■ TASK BRIEF: Working through the records below, count the lines that include "with". The reply is that number alone.

■ RECORDED DATA:

::::::::::

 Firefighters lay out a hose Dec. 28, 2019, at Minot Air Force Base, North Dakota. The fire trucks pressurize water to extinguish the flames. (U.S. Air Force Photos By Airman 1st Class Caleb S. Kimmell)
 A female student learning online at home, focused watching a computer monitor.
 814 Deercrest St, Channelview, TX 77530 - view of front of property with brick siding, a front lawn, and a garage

::::::::::

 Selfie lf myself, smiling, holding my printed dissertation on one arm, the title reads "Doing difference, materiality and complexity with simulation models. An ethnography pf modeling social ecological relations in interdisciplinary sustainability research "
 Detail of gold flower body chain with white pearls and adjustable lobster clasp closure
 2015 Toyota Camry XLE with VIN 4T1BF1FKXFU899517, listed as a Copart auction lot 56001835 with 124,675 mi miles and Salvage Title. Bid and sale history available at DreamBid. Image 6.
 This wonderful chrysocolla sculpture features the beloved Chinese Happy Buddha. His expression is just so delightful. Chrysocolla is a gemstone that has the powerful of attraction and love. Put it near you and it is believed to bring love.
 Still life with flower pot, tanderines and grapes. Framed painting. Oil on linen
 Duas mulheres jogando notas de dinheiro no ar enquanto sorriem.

::::::::::

■ ANSWER SECTION: 5